Teachout’s race for New York’s 19th Congressional District, an open seat, highlights two important factors that are easily overlooked in a year when most of the political attention will be focused on the incendiary presidential race between Hillary Clinton and Donald Trump:

  • First, the importance of the so-called “down-ballot” races for seats in the US Congress and state legislatures.
  • Second, the likelihood that massive amounts of outside money, some of it untraceable to its source, will be brought to bear to sway the outcomes.

Although New York is not expected to be a presidential battleground this year (the state’s historically Democratic tilt making Clinton, who represented New York for two terms in the US Senate, the odds-on favorite to beat Manhattan real estate mogul Trump), the respected political handicapper Charlie Cook rates five of the state’s congressional races as tossups: the 1st, the 3rd, the 19th, the 22nd and the 24th Congressional Districts. Three of those contests are for seats opened up by the retirements of incumbents. Only one of the seats is currently occupied by a Democrat.

In addition, the chance of winning decisive control of the state Senate, where the political balance has been teeter-tottering between the two parties, will raise the stakes in a number of close contests for seats in the legislature’s upper chamber.

New York political battlegrounds tend to cluster: competitive state legislative races often overlap with those for the US House. What follows is a closer look at a couple of the hot spots, along with the issues and the money that could impact the outcomes:

Hudson Valley

The 19th District spans the width of the Hudson Valley, from Connecticut and Massachusetts to Pennsylvania, but was drawn to leave out cities including Poughkeepsie, Newburgh and Beacon to the south, and Albany to the north, though it extends below and above them on either side. Teachout and Faso are vying for the seat currently occupied by retiring Republican Rep. Chris Gibson.

Endorsed by Bernie Sanders, Teachout garnered hundreds of thousands of dollars in donations from the senator’s campaign email list, but she expects that to be far outstripped by the outsider funders backing Faso. “What are Paul Singer and Robert Mercer doing spending basically three times the cost of most people’s houses on a Hudson Valley race?” she asked.

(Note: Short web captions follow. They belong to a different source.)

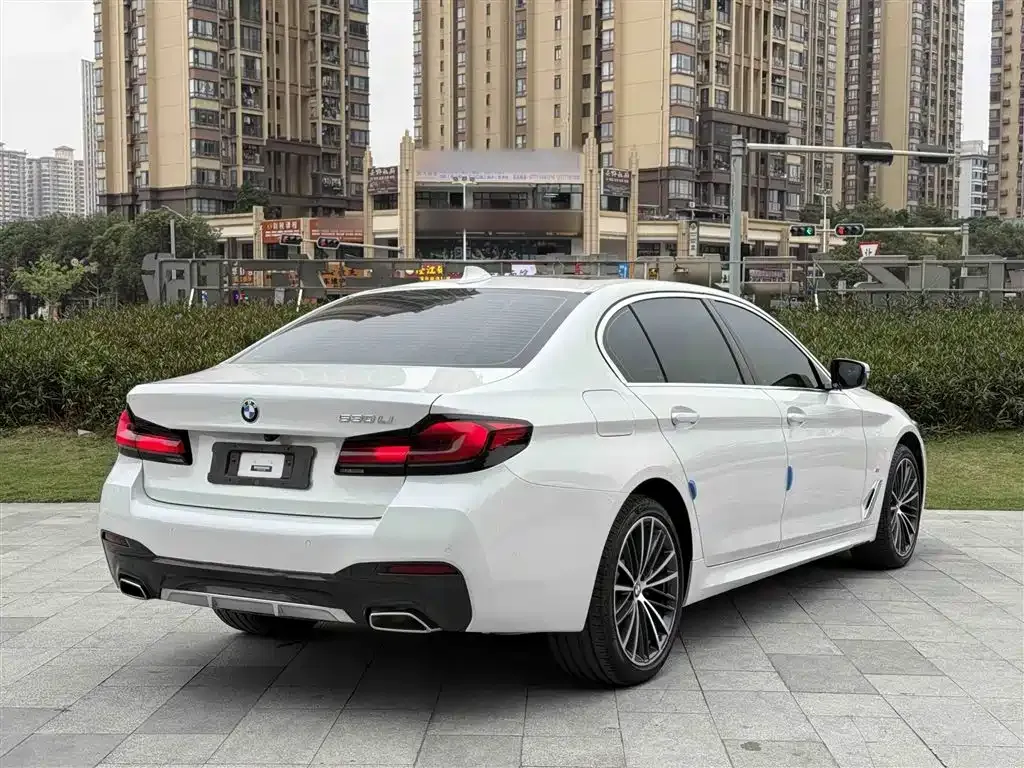 BMW 5 Series 2023 из CN, фото 7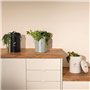 Livoo Seau a compost de cuisine 6l noir - MES154N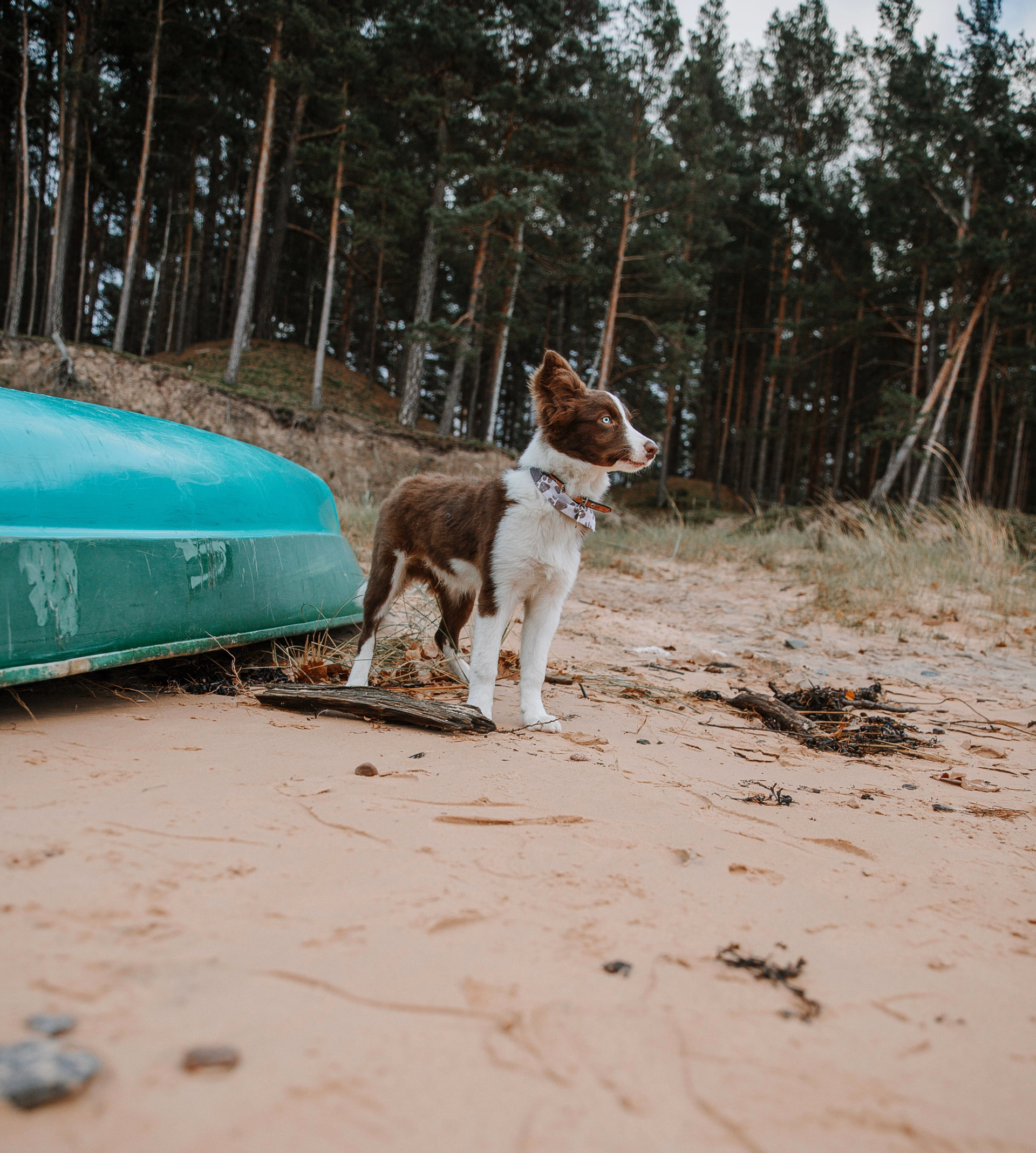 séjour canoë avec son chien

Singer, a Republican mega-donor who refused to take part in the Republican National Convention because he opposes Trump, spent more than $5 million backing Marco Rubio’s unsuccessful bid the for the GOP nomination; fellow hedge fund manager Robert Mercer, spent some $11 million on a super PAC backing the Republican presidential bid of Sen. Ted Cruz of Texas. Between the two of them, the financiers provided the lion’s share of the more than $900,000 the super PAC dubbed New York Wins, spent to submarine Faso’s Republican primary opponent,the pro-Trump Andrew Heaney.

“The dynamic we see in these state Senate races are billionaires from Greenwich, Connecticut and Park Avenue giving half a million dollars to try to swing a state Senate race in the Hudson Valley,” says Michael Kink of Strong Economy for All, a coalition of labor and community groups. “There are just not a lot of billionaires in these areas and the idea that the billionaires are funding these elections suggests that those policies are not going to benefit the vast majority of people in those areas.”

Several competitive state Senate races overlap with or border the 19th District. The 46th Senate District is currently occupied by Republican George Amedore, the vice president of a construction company. He’s being challenged this year by Sara Niccoli, a town supervisor from the town of Palatine. She lives on the farm where her husband grew up. When she ran for local office, Niccoli says, “I was sure I wouldn’t win because I’m a Democrat and it’s a very Republican town, but I really got into it, I loved knocking on doors and talking to people around the community and so I won.”

In local elections, Niccoli notes, there was often only one person on the ballot, on the Republican line. “You could either vote for that person or no one, or write in someone.” For her, that was unacceptable. In deciding to run for the state Senate, what motivated her was the disparity between her daughter’s school and those in wealthier districts.

Education is key to these races because a lot of the big money flowing into them comes from charter school backers, who push for Albany’s continued funneling of public money to privately run charters, most of which are located in New York City. Paul Singer gave $500,000 each to two super PACs, New Yorkers for a Balanced Albany and Balance New York, in 2014. Balance New York spent heavily to elect Amedore that year. (Charter school money is often bipartisan; Gov. Andrew Cuomo has benefited from it in the past.) New Yorkers for a Balanced Albany, founded by the corporate education reform group StudentsFirst, also targeted Democratic state legislative candidates in 2014.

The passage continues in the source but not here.